I read this theorem in "The moment map revisited" by Guillemin and Sternberg
[ http://citeseerx.ist.psu.edu/viewdoc/download?doi=10.1.1.210.4537&rep=rep1&type=pdf#page26 ]
page 149
and I have also read the reference, but I have not understood how that helps (it stays in a local setting)
Does anyone have an idea on what a good strategy would be? I do not see how to use the simply connected assumption. I have looked up in many books, but I have found no mention of anything similar. Any good reference?
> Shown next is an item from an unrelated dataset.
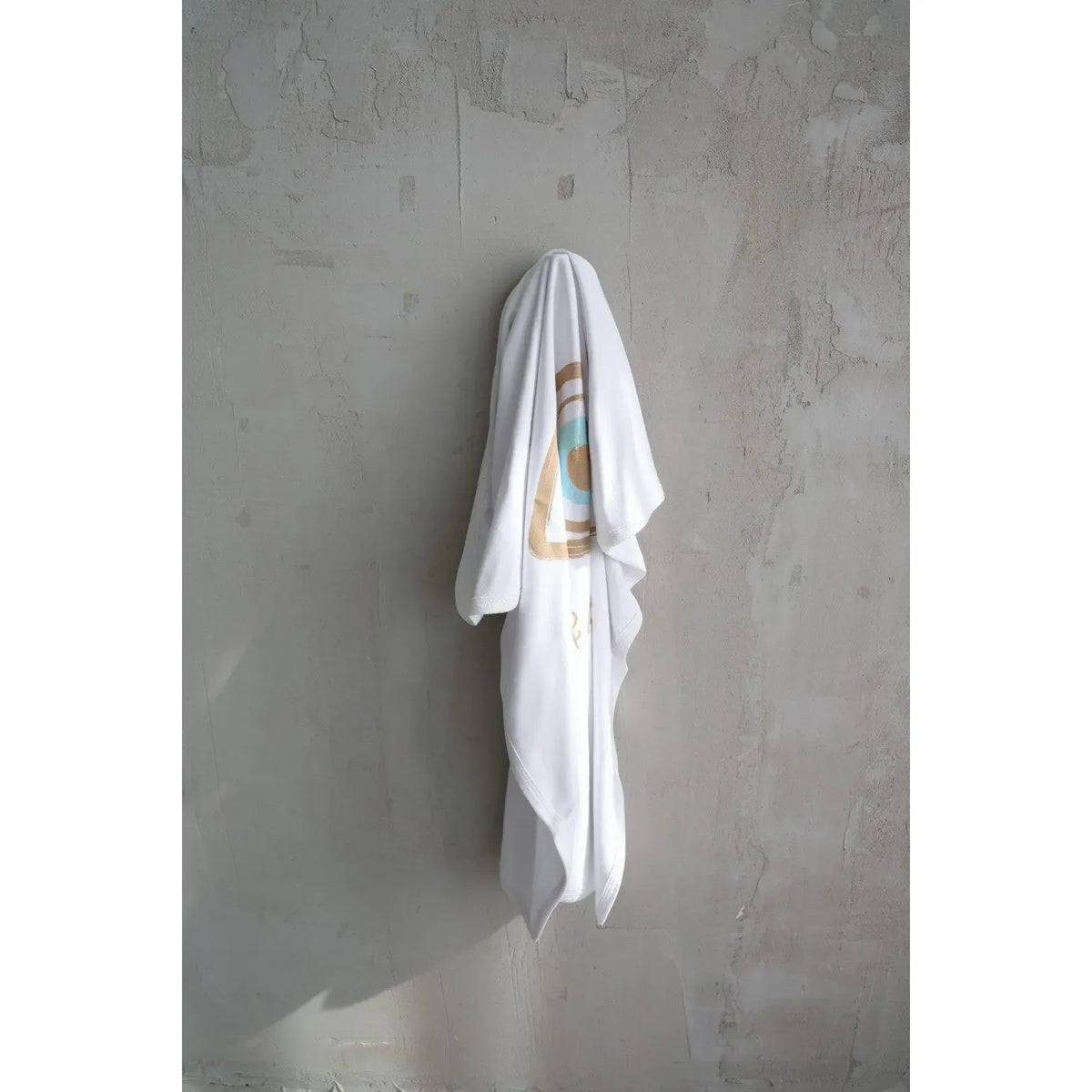 Cotton Single Elliptical Eye Blanket draped over a hook on a textured grey wall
I feel like this is an easy exercise, but I am missing something.
Thank you very much in advance.
It seems that the simply connected assumption is not needed. Or maybe there is a mistake in the proof below.
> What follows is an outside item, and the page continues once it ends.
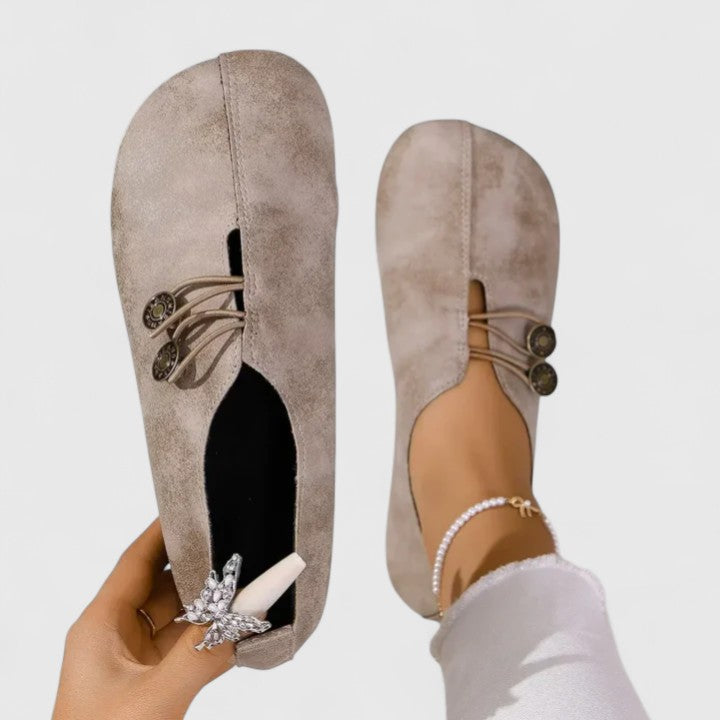 Women's comfortable loafers with elastic button detail, foldable design perfect as travel shoes or elegant flats.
By Hormander's local statement, we know that for every $x \in X$ with $y=f(x)$ there exists an open $U_x \subset X$ and an open $V_y \subset Y$ such that $f(U_x)\subset V_y$ is a submanifold of $V_y$. We would like to prove that there is an open $W_y \subset V_y$ such that $f(X) \cap W_y= f(U_x)\cap W_y$, thus making $f(X)$ a submanifold of $Y$.
First, let's prove that any point $x$ in the preimage of $y$ ''locally detects the local image of $f$ near $y$". Namely, consider the equivalence relation on points of $f^{-1}(y)$ given by
$x \sim x'$ if and only if for any open $O_x$ and $O_{x'}$ there exist open neighborhoods $U_x \subset O_x , U_{x'} \subset O_{x'} $ s.t. $ f(U_x)=f(U_x')$.
By local structure qiven in Hormander, each equivelence class is open in $f^{-1}(y)$. The classes cover $f^{-1}(y)$. But it is compact. So we have a finite open subcover. But then the classes are closed. By connectedness, there is only one class. We restate this for future use as follows:
For any $x, x' \in f^{-1} (y)$ for any open $O_x$ and $O_{x'}$ there exist open neighborhoods $U_x \subset O(x) , U_{x'} \subset O(x') $s.t. $ f(U_x)=f(U_x')$.
Now, let's go back to our main proof. Suppose no such $W_y$ exists. Then we get a sequence $y_k$ in $Y$ converging to $y$ with $y_k \in f(X)$ but with $y_k \notin f(U_x)$. Pick arbitrary preimages $x_k$ of $y_k$. Since $f$ is proper, they lie in a compact subset of $X$, hence have convergent subsequence, converging to $x'$ which is forced to lie in $f^{-1} (y)$. By the observation above, there is $U_{x'}$ such that $f(U_{x'})=f(U'_x)$ for some open $U'_x \subset U_x$ around $x$. For large $k$ the points $x_k$ are in $U_{x'}$ so that $y_k \in f(U_{x'})=f(U'_x) \subset f(U_x)$. This is a contradiction which proves that we indeed have a $W_y$ and that $f(X)$ is a submanifold.